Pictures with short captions
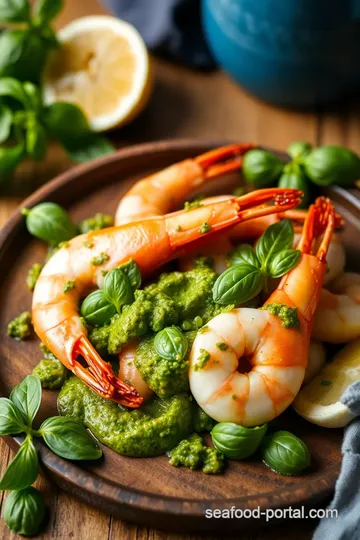 Spicy Prawn & Noodle Pesto Delight ingredients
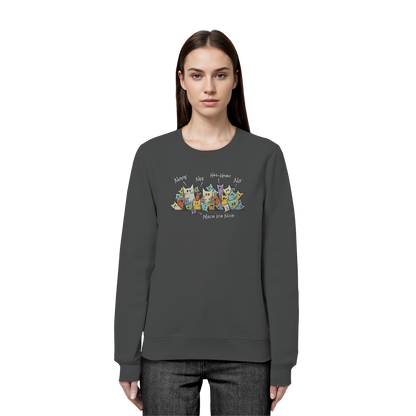 Nope, Nee, Nö Katzen - Organic Basic Unisex Sweatshirt
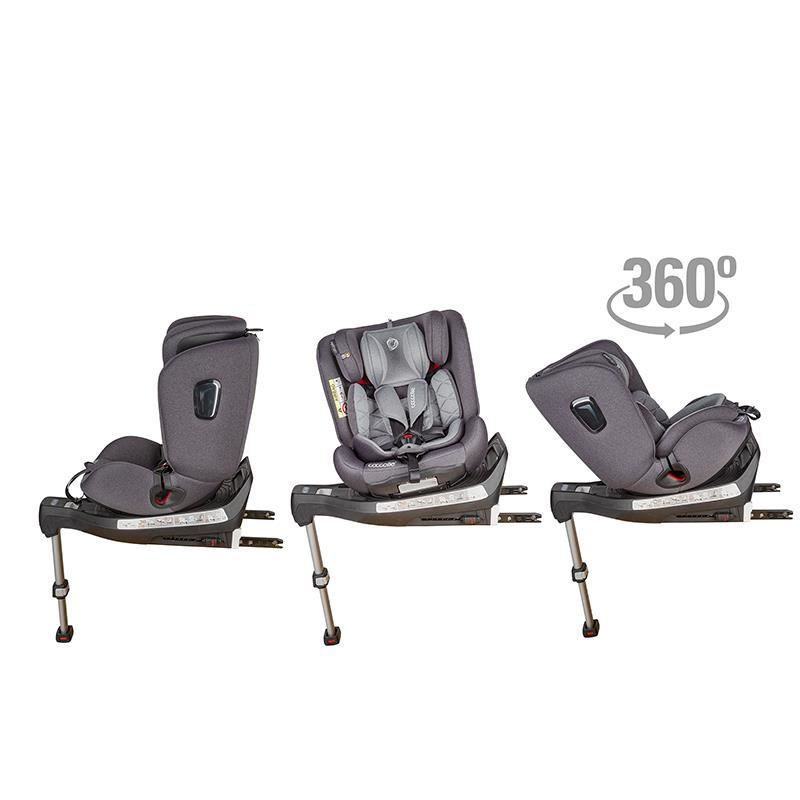 Scaun auto rotativ 0-36 kg Coccolle Astana Urban Grey image 4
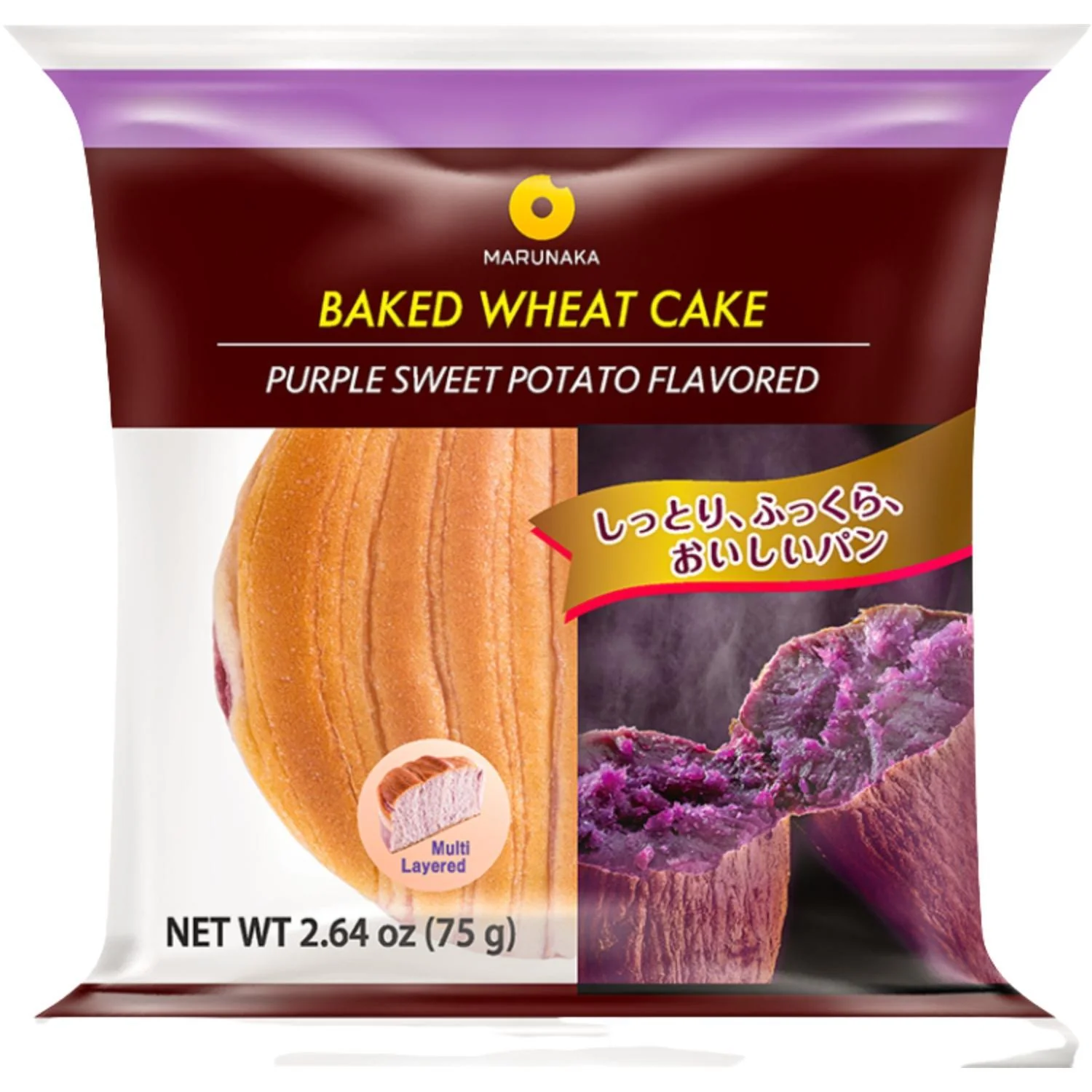 D-PLUS BREAD PURPLE SWEET POTATO FLAVORED 2.64OZ/75G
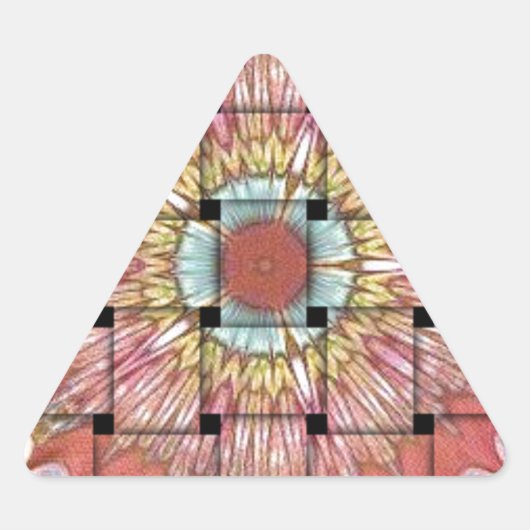 Afrikaans geïnspireerde kunstdruk – geometrisch ge sticker (Voorkant)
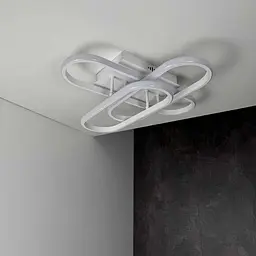 Світильник LED smart DIOR+пульт 90W 3000-5000K IP20 квадрат білий Violux ( 220925 ) - мініатюра 2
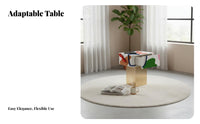 Side Table with Storage Nordic and aesthetic Cartoon Figure Side Table Playful Design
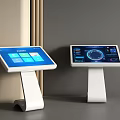Modern Standing All in One Machine With Interactive Display Screen Interface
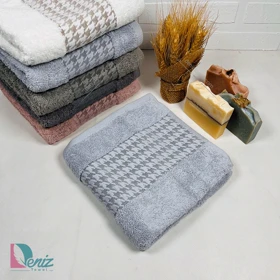 حوله دستی طرح پیچازی رنگ نقرابی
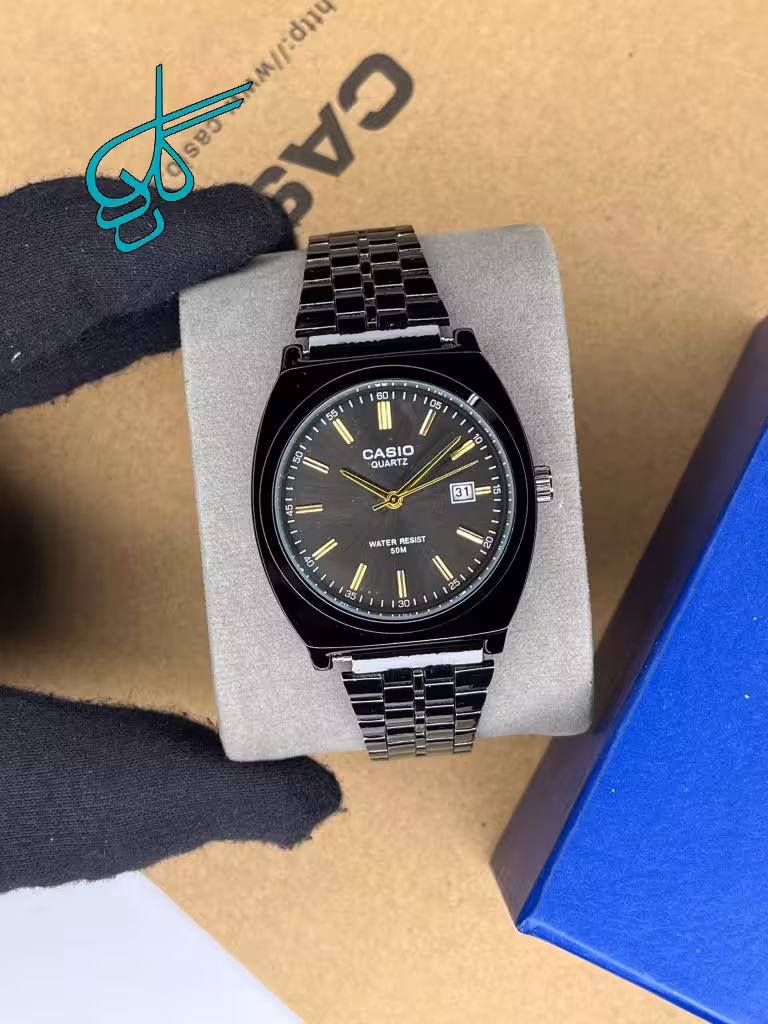 خرید ساعت مردانه کاسیو گادفادر صفحه گرد بند مشکی بندباز کیفیت عالی کد 1924015 - ردگل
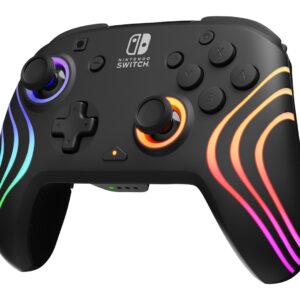 PDP Afterglow Wave Juoda USB Žaidimų pultelis Analoginis / skaitmeninis Nintendo Switch, Nintendo Switch Lite, „Nintendo Switch“ OLED - Image 2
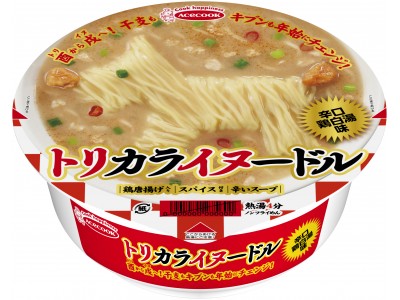 トリカライヌードル　辛口鶏白湯味　新発売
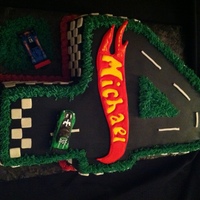 Hot Wheels 4 Cake 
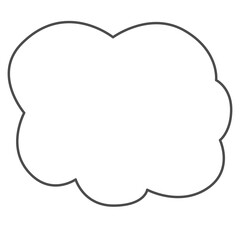Hand draw cloud.
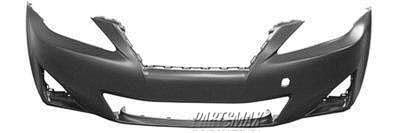 250 | 2011-2013 LEXUS IS350 Front bumper cover w/o Headlamp Washer; w/o Park Distance Sensors; prime | LX1000212|5211953979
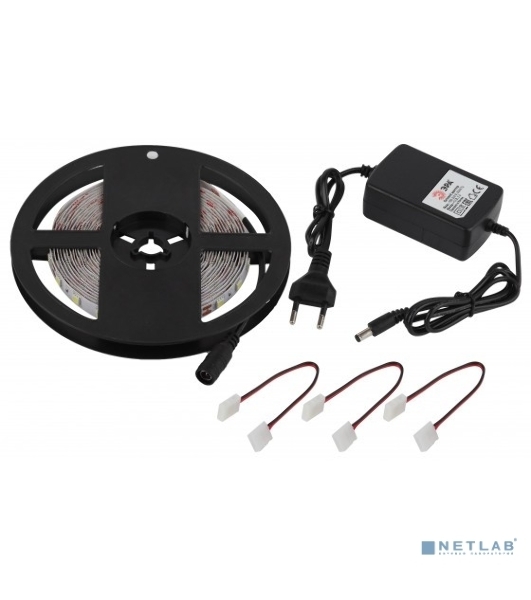 Комплект светодиодной ленты ЭРА 5050kit-14,4-60-12-IP20-6500-5m (50/300)
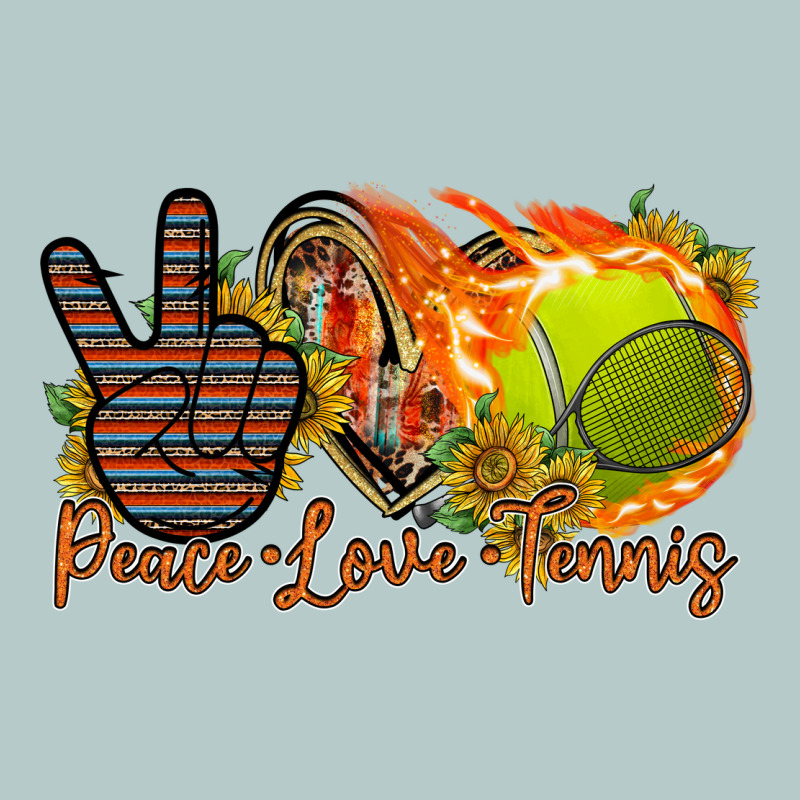 Peace Love Tennis Heavy Core Tee by RacoonDesign | Teevron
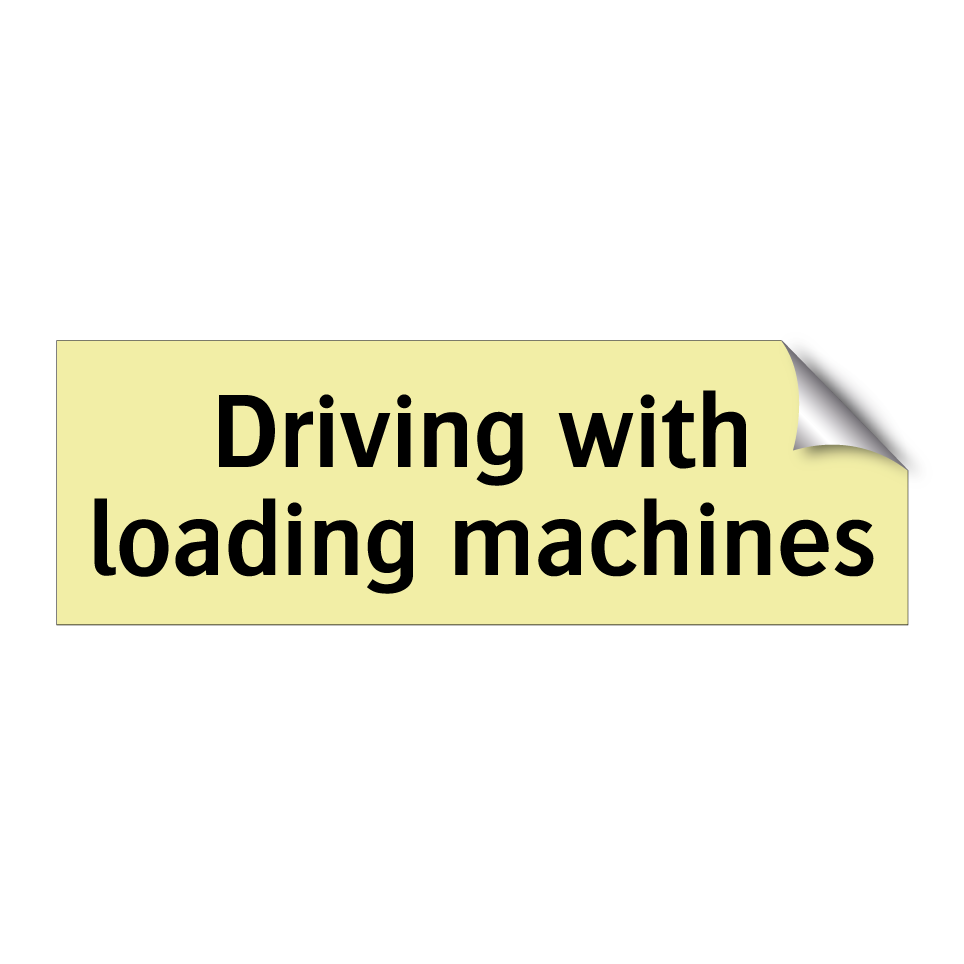 Driving with loading machines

● **Task details**
Give back, exactly and with nothing added, the lines from the line with "Hand draw cloud." through the final line of the data, both included; leave pictures out.

● **Exercise result**
Hand draw cloud.
 250 | 2011-2013 LEXUS IS350 Front bumper cover w/o Headlamp Washer; w/o Park Distance Sensors; prime | LX1000212|5211953979
 Комплект светодиодной ленты ЭРА 5050kit-14,4-60-12-IP20-6500-5m (50/300)
 Peace Love Tennis Heavy Core Tee by RacoonDesign | Teevron
 Driving with loading machines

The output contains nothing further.